Outdated reporting harms your bottom line, automated business intelligence can help
by Arkatechture, on April 18, 2019
As an executive, you need to be moving your company constantly in the right direction, but you need to have solid data from which to draw conclusions. Outdated data collection and organization processes can lead to faulty reporting that hurts your bottom line.
Outdated reporting leads to missed opportunities
Rapid technological advancement is making the traditional method of organizing business information obsolete.
Segmenting departments helps organize workloads and keeps employees focused. If departmental data is segmented, however, then the complete data picture of company operations is being broken into puzzle pieces. These pieces may feature the same information presented differently and might not fit together in the end.
For example, your company may use both a content management system (CMS) as well as a customer relationship management system (CRM). If one system refers to "customer service data" and the other labels it "customer experience data", it will look like two different data entities when really it's just one. Fixing this issue manually would requires hours of work and fact-checking, slowing down the reporting process and reducing its overall value. Proper data governance procedures joins these two pieces of information together at the data level and then accurately presents them as one data point. This negates the need for time-consuming information reconciliation work.
In the traditional model, it was common for executives to go with "gut feelings" when making business decisions. While this became a desirable leadership quality, it originated for one primary reason: It was the only option. Before the digital transformation, the C-suite had no choice but to use the available (incomplete) information and make an educated best guess.
An automobile manufacturer, for instance, may see that its commercial truck segment sold more than its consumer vehicle segment. Based on this data, the company pulls resources from consumer vehicles and dedicates them to commercial trucks. However, what the executives don't know is that demand for consumer vehicles is higher, and the only reason that the brand's models are not selling is due to underlying safety concerns discussed in 87 percent of phone calls to the company's customer care center. Since the automaker's data is siloed, crucial context goes missing. That leads to flawed decision-making.
By the time the company identifies this problem and manually compiles a new graph to reflect all of the information, the new quarter is already well under way and the organization has already allocated resources. The data will no longer be valuable. Even if it manages to roll out timely reports via manual processes, the leaders reviewing the insights they contain are likely to spend much of their time assessing the veracity of this information.
In the end, this saga hurt sales. The organization, in response, may hire more analysts to help make the reports, further wasting resources on a problem that could be solved with clean data that assists decision-making through the use of data visualization and automated data preparation processes.
Data visualization reduces time to insight
In the traditional business workflow, gleaning actionable information from data happened slowly. To take an example from the customer experience, it meant that pain points found within the product lasted longer before they were fixed. For instance, a financial services firm with a malfunctioning online account management portal might not become aware of this issue until multiple customers file complaints in person.

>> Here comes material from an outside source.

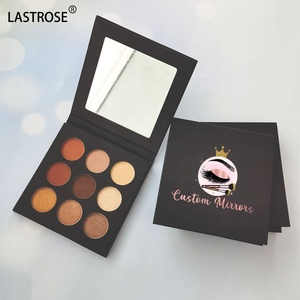 חם מכירה 15 צבעים קרם לוגו פרטי תווית קוסמטיקה מקצועית קרטון איפור עיניים צלליות צבעים - Product Image 3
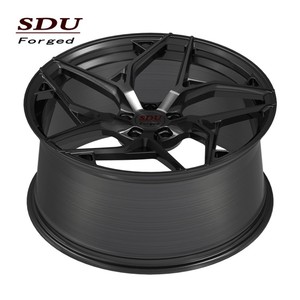 Venta al por mayor 16 a 24 pulgadas mate <span class=keywords><strong>bronceador</strong></span> ahuecado 5x108 ruedas de aleación 20x9,5 ruedas forjadas para 730Li 740Li Series - Product Image 6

Data visualization speeds up this process, while automating business intelligence workflows and ensuring accuracy. Now, companies will see how their customers are using the product that much faster through clear, visual images.
At the University of Minnesota, researchers discovered that the human brain can understand visual information roughly 60,000 times faster than through the traditional written word. Imagine your organization acting 60,000 times faster with clear, automated data workflows.
Data analytics, data visualization and cracking big data
Many analysts within the corporate structure spend very little time analyzing. Why? Their hours are devoted to gathering data and constructing reports. Although rudimentary data visualization has always existed in the form of pie charts and bar graphs, this information had to be assembled by human hands. Employees would read and process spreadsheets before manually creating the visual presentation, a time-consuming procedure that prevents staff from addressing other duties. Not only is this process slow but it runs the continual risk of human error.
Today's technology has created programs that can use data analytics - a process that often involves machine learning and mining algorithms - to read the information and dissect it for trends. It can also generate accurate, complete data visualizations, letting the company see a reliable image of how all the data are trending. Advanced solutions provide information much faster than the old methods of data collection, giving executives actionable data and stronger business intelligence.
Utilizing data visualization solutions can help your company understand the big data of today and rapidly transform it into actionable information that leads to superior operations and a stronger customer experience. Arkatechture research has shown that proper data visualization can provide your organization with deeper consumer insights, reduce the amount of hours needed to input data, allow a faster onboarding process for clients and cut the costs associated with that setup by as much as 89 percent.